More and more used garments are set to be collected by local authorities when new EU rules requiring separate collection of textiles come into force in 2025. To finance this collection, the EU is working on plans for brands to pay fees that cover the costs of managing their products once they become waste, through so-called Extended Producer Responsibility (EPR) schemes.
But what happens to collected textiles? While we might imagine donated clothing is all reused in Europe, in fact 1.4 million tonnes of used textiles with no EU market value were exported to third countries like Ghana and Kenya in 2020 alone, causing devastating environmental, economic, and human rights’ impacts.
And collecting more garments from 2025 in Europe will mean more and more items entering the global used clothing trade. That’s why money raised through EPR fees must go beyond paying for collection and sorting activities in Europe and support fair remuneration for communities in the Global South who receive exports of clothing castoffs from the EU.
The fees must also be set so they make a meaningful impact on reducing the volume of clothing produced every year because it is overproduction that is the root cause of the climate, environmental and social impacts of clothing consumption. We cannot allow brands to pay to pollute for a minimal fee. In other words, policymakers can ‘eco-modulate’ the fees by rewarding business practices rooted in sufficiency, quality, fairness, and transparency with a lower fee, and penalise those built around throwaway fashion, exploitation, and opaque supply chains with a higher one.
And with only 12% of brands currently revealing how much they produce, there is an opportunity to incorporate this obligation into EPR rules to make disclosure of data around how many products companies put on the market annually – and where they are produced – mandatory.
Because we cannot recycle our way out of overproduction.
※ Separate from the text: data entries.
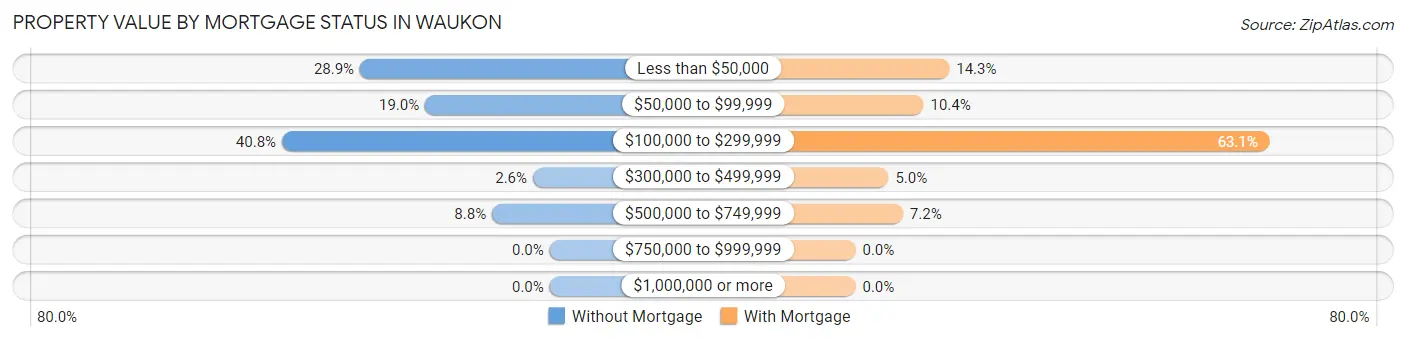 Property Value by Mortgage Status in Waukon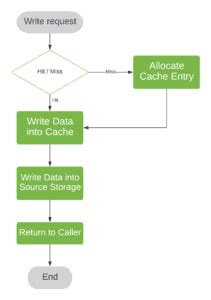 Image result for Cache Write Through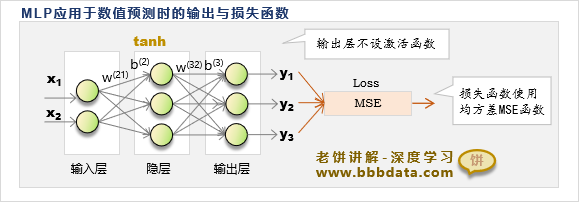 MLP用于数值预测时的损失函数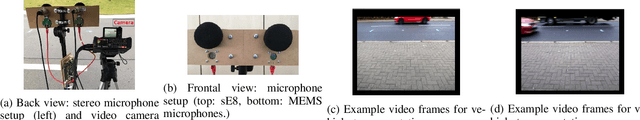 Figure 1 for IDMT-Traffic: An Open Benchmark Dataset for Acoustic Traffic Monitoring Research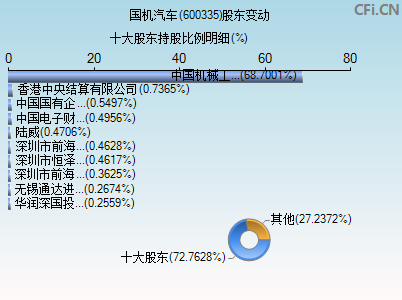 600335股东变动图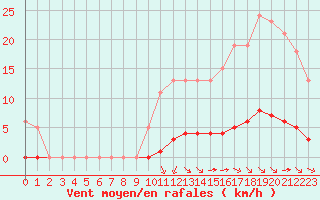 Courbe de la force du vent pour Saint-Martial-de-Vitaterne (17)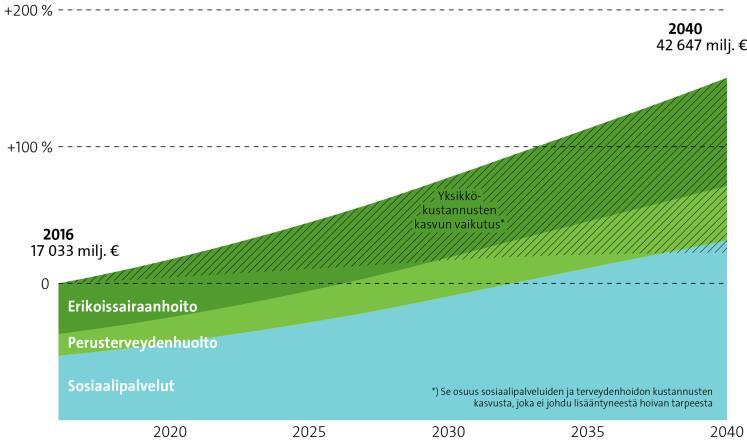 Sote-menojen ennuste (julkinen rahoitus; koko maa) 2016-2030: +70% Väestön tarpeista johtuva kasvu noin 20% Loput 50%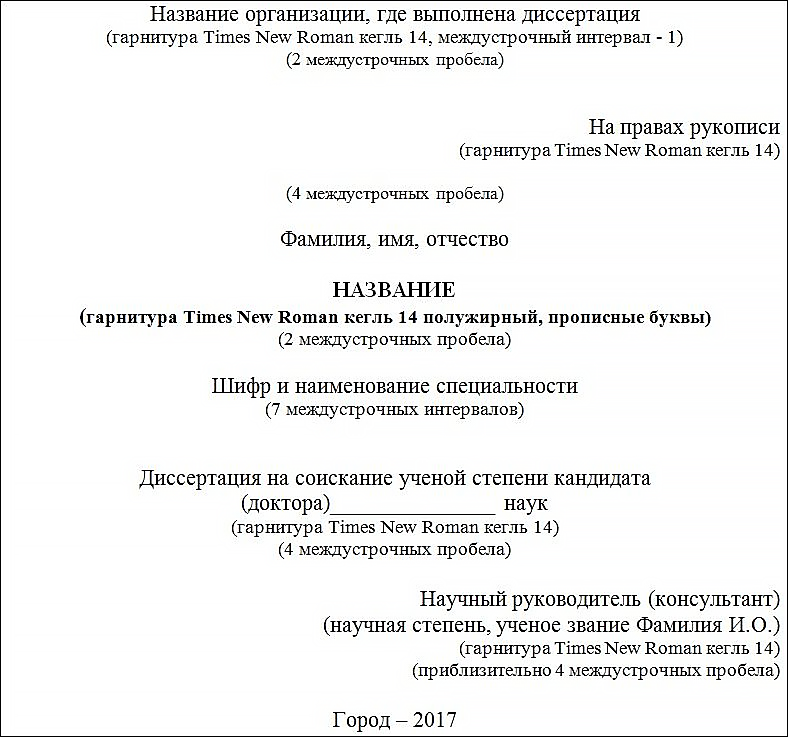 Образец титульного листа диссертации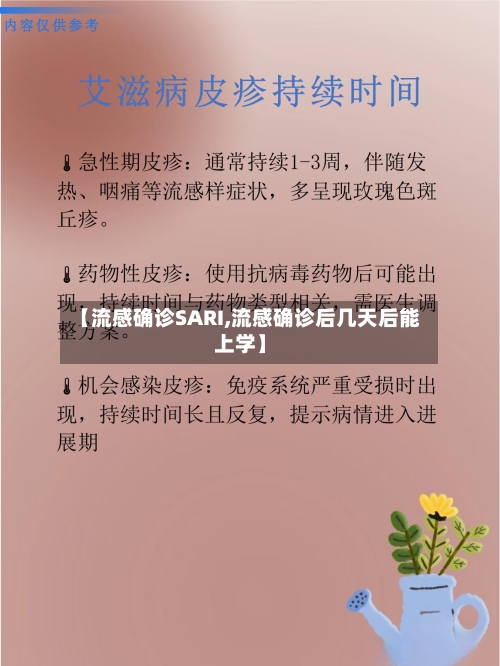 【流感确诊SARI,流感确诊后几天后能上学】-第3张图片
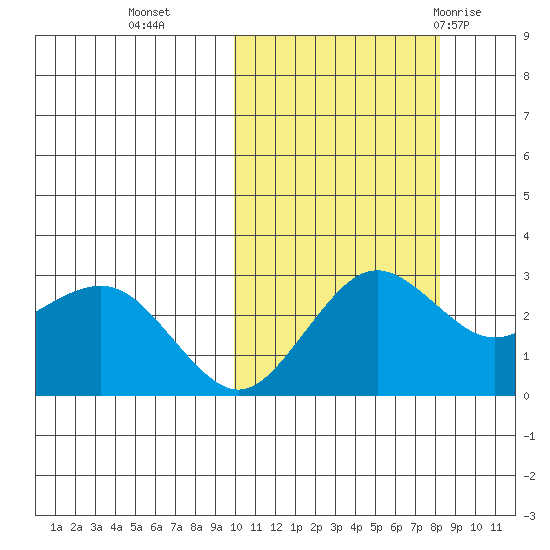 St. Paul Island tide chart for Saturday, October 16, 2021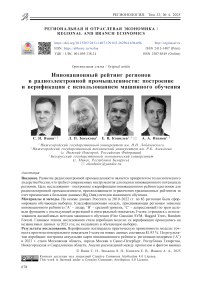 Инновационный рейтинг регионов в радиоэлектронной промышленности: построение и верификация с использованием машинного обучения
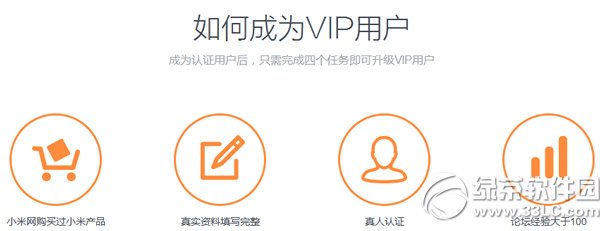 小米vip怎麼認證？小米vip認證流程1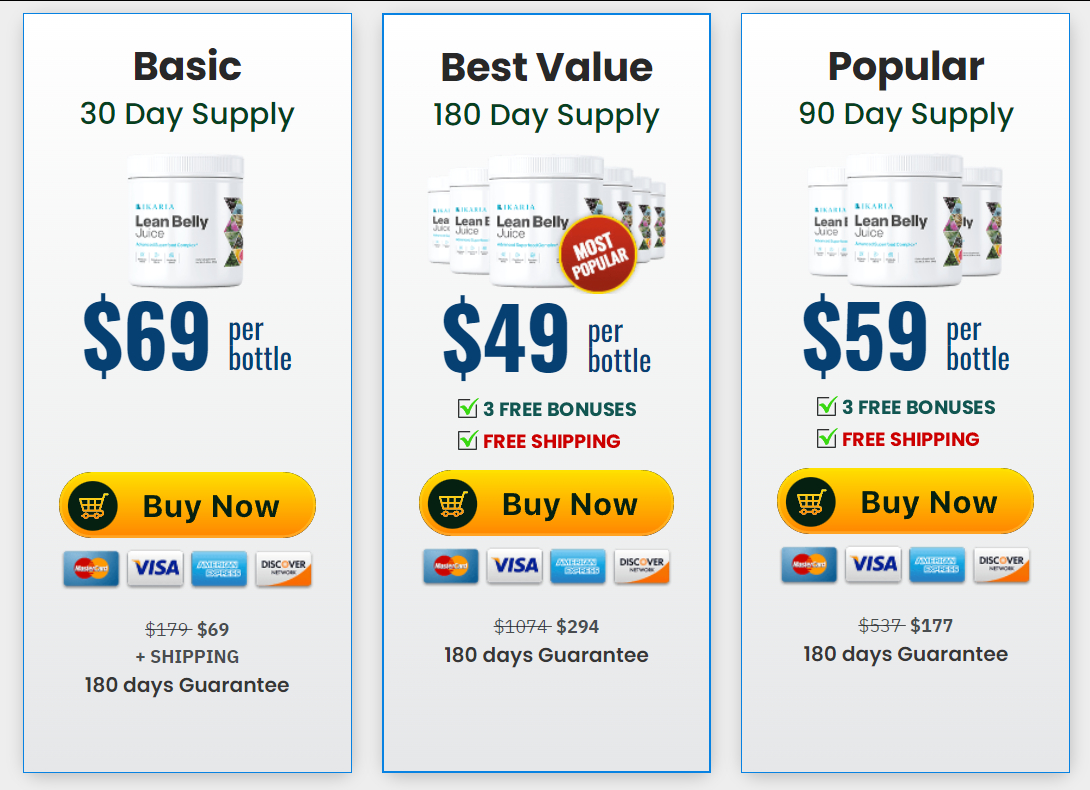 Buy Ikaria Lean Belly Juice best price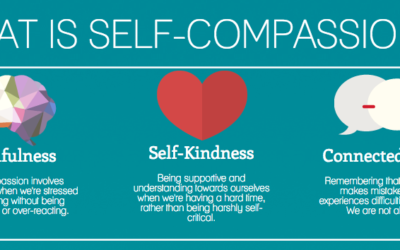 Self-compassion: What is it, why do I need it, and how can I do it?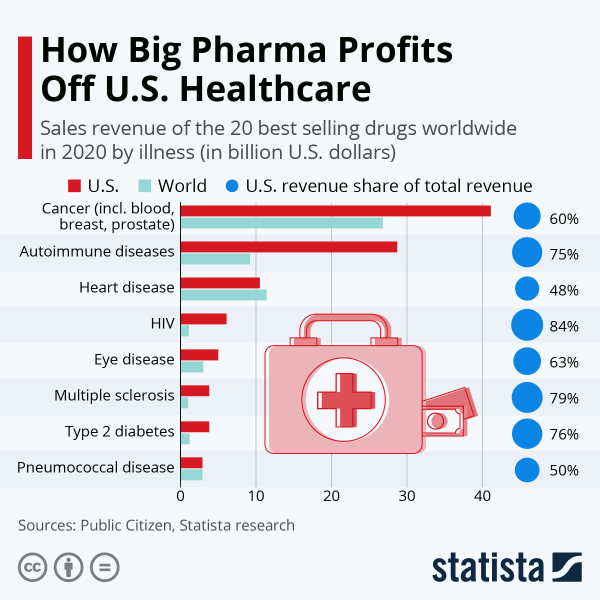 statista-pharma-600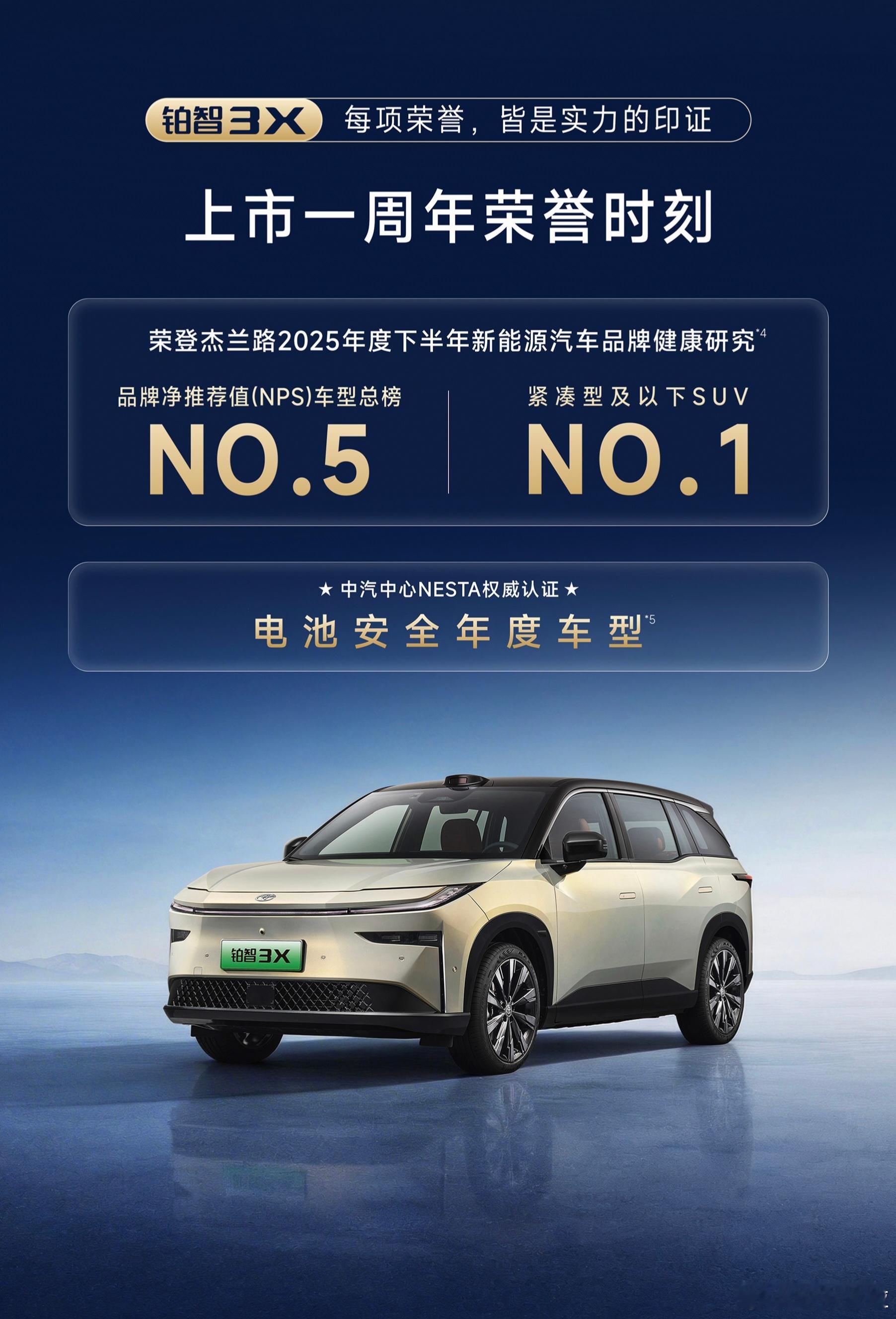 丰田铂智3X上市一周年重磅OTA丰田铂智3X升级R6大模型以前总有人说，传统合资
Overblown green claims on recycling hide the reality that the infrastructure and technology to turn ever-increasing volumes of clothing back into clothing is virtually non-existent, and the recycled fibres that do appear in ‘eco’ ranges make minimal environmental gains.
It’s only by remunerating workers properly at all ends of the supply chain as part of strategies to reduce volumes that we can ease the strain fashion is putting on our planet.
You can read more about overconsumption, waste and circularity in the 2023 edition of the Fashion Transparency Index.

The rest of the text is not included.